In short, It is very likely that as long as you keep your in-line
assembly code -small-, you will most fit your code nicely inside the L1
I cache.
>
> >> But in C you can get creative with compound
> >> statements:
> >> int x,y;
> >> register int t;
> >>
> >> (t = x - y) && (((t < 0) && below()) || above()) || equal();
> >
> > .. Which will only work if the below/above/equal are made of short
> > statements which is a very problematic pre-requisite.
>
> inline int below(your,optional,arguments);
>
> will work fine. So will:
>
> #define below(a,b,c) (z=a+b+c)
Been there, done that.
As I said, under both Windows and Linux the asm code yielded (much)
better performance.
>
> > In my case I needed to store some additional information in each leaf -
> > making each step a compound statement by itself. (which in-turn,
> > rendered your compound less effective)
>
> Don't be so sure about that. A compound statement can be optimized very
> well.
.. Which will make is as readable as the asm code - or far worse...
>
> >> which wastes 1 register variable. Still, there is no guarantee that this
> >> generates faster code than an optimizing compiler (and gcc is not known
> >> among the best optimizing compilers).
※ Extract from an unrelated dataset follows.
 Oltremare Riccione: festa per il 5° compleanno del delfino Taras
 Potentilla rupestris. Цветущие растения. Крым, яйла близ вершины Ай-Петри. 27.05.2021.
Rewriting above using binary
> >> operators and masks may be even faster.
> >
> > The same code was also tested under Visual Studio 2K3 and showed the
> > same results. The assembly code was considerably faster then the VS
> > generate binary.
>
> Assembly is not portable and it is a *** to debug.
No argument there.
(Though if you make your compound code complex enough, it'll make the
asm code far more debug-able)
> Yes, you can make it run faster. It's fun for the 1st few days, after that
> you need to change
> something or port it to a NSLU2 and things stop being nice very fast.
> Especially if someone else needs to compile your code.
As I said above, I usually use -small- (<20 lines) blocks of in-line
assembly code.
Other then that, I'm fanatical about documentation. (Mostly because I
have a very small brain and it takes me 5 minutes to forget why I
trashed rax)
>
> >> Atomic code execution should not require assembly because segment
> >> locking can be done using C (even if that C is inline assembly for
> >> some applications).
> >
> > A. I -was- talking about in-line assembly.
> > B. How can I implement "lock btX/inc/dec/sub/add" in pure C?
> > (Let alone using the resulting flags. [setXX])
> >
> > BTW, another valid excuse to using assembly (at least in
> > register-barren-world-known-as-i386) is the ability to trash the base
> > pointer. (every register count.)
>
> Again, why are you assuming x86 assembly is the target ? It could be ARM
> or MIPS or PPC.
If I'm writing multi-platform code, I'll keep in-line assembly to the
minimum. (or none)
Contrary to popular belief, I'm not that mad ;)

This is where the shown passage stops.